Coup d'État dans l'Église, documents et chroniques sur la subversion, de Don Mancinella
Coup d’État dans l’Église, documents et chroniques sur la subversion, de Don Mancinella

Ces derniers jours, la maison d’édition italienne Radio Sapa a publié un nouveau livre intitulé Coup d’État dans l’Église, documents et chroniques sur la subversion : des premières machinations à la papauté de transition, du Groupe rhénan à nos jours. L’ancien journaliste et vaticaniste de la télévision d’Etat italienne, Aldo Maria Valli en a écrit la postface.

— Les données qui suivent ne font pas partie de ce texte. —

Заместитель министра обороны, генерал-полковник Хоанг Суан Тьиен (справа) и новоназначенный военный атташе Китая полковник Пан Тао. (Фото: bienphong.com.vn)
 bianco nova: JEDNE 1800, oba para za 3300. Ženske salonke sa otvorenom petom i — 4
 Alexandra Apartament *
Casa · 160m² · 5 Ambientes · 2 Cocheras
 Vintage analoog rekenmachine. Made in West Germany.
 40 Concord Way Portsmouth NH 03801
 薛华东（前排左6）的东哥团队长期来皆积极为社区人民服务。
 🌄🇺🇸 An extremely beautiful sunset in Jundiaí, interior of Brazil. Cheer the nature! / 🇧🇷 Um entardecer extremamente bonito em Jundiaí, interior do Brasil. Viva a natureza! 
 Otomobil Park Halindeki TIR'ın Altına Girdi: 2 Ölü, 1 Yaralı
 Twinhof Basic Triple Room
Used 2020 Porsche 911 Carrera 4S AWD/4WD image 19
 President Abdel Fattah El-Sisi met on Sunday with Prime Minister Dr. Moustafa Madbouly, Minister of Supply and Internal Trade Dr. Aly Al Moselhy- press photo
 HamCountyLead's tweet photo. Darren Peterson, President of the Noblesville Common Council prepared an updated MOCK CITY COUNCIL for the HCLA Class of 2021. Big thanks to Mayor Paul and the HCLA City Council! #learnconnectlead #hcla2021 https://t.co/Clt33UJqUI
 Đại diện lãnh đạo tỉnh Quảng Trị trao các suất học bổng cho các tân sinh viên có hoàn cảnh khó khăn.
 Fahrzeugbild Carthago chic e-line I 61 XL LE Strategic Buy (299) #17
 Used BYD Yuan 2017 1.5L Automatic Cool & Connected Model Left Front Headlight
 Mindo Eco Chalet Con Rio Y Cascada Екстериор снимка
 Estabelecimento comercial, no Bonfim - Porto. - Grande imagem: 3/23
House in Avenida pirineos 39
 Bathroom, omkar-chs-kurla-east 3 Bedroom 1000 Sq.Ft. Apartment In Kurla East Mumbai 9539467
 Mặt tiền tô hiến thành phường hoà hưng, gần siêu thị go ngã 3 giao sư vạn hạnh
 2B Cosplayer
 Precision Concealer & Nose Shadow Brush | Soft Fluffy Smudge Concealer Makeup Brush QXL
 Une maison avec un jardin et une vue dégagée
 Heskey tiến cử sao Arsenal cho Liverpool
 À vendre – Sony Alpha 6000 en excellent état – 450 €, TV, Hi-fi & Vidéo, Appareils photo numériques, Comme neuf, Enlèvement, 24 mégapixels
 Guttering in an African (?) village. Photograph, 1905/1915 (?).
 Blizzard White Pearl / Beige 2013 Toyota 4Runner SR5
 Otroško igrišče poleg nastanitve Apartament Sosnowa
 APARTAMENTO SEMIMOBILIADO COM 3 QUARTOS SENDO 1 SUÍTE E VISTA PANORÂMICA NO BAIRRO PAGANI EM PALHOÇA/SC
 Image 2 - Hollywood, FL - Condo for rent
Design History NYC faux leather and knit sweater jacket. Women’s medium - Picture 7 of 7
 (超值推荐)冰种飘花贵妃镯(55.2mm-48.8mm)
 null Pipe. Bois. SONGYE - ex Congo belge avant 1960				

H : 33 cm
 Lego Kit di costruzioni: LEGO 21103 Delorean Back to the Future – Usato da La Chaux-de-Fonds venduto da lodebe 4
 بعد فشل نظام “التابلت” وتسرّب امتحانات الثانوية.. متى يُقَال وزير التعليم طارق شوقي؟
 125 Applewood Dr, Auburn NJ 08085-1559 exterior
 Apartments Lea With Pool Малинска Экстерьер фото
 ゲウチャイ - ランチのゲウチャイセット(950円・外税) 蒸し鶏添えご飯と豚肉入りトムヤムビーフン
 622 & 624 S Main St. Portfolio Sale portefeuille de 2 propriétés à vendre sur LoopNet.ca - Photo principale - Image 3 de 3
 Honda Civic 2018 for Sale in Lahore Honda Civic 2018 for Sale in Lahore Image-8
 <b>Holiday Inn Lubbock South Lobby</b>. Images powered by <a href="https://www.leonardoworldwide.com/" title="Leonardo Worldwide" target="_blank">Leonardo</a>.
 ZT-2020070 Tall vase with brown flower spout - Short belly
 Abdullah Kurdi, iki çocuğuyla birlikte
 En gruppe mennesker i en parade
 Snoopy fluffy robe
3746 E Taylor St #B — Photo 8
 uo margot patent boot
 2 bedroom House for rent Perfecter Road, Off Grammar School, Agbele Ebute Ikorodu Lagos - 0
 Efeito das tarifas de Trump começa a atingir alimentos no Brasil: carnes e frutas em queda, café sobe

Coup d’État dans l’Église, documents et chroniques sur la subversion : des premières machinations à la papauté de transition, du Groupe rhénan à nos jours

L’ouvrage Coup d’État dans l’Église, documents et chroniques sur la subversion : des premières machinations à la papauté de transition, du Groupe rhénan à nos jours a été écrit par Don Andrea Mancinella, l’auteur d’un autre livre qui fit parler de lui en 2002 : 1962-Révolution dans l’Église, dont la traduction en français sortie en 2008 dans la revue Courrier de Rome.

Dans sa nouvelle étude sur cette crise de l’Eglise qui semble ne pas avoir de fin, Don Mancinella s’emploie à démontrer, souligne l’éditeur, « le plan incliné de la subversion, le véritable coup d’État perpétré dans l’Église. Ce dernier est « expliqué en détail, avec un puissant appareil de notes. De l’exultation maçonnique pour les étapes de la révolution à la formulation d’idées hétérodoxes, des documents qui démasquent l’imposture à l’analyse de ses fruits vénéneux, le livre de Don Mancinella propose un examen clair, incontestable et parfois étonnant de ce qui se passe depuis longtemps dans le cœur du christianisme ». Cet « excellent livre », comme le définit Don Curzio Nitoglia dans la préface, « laisse sans voix en raison de la précision du développement logique et de l’inévitabilité des conclusions ».

Dans sa postface, Aldo Maria Valli, célèbre journaliste italien et vaticaniste reconnu, livre son cheminement dans sa compréhension de la crise religieuse actuelle, qui aboutit à son retour à la Tradition catholique : « L’étiquette de ‘’traditionaliste‘’ ne me dérange pas. Mais je serais plus heureux s’ils disaient que j’étais traditionnel. Aussi parce que je pense qu’on ne peut pas être catholique sans être traditionnel. »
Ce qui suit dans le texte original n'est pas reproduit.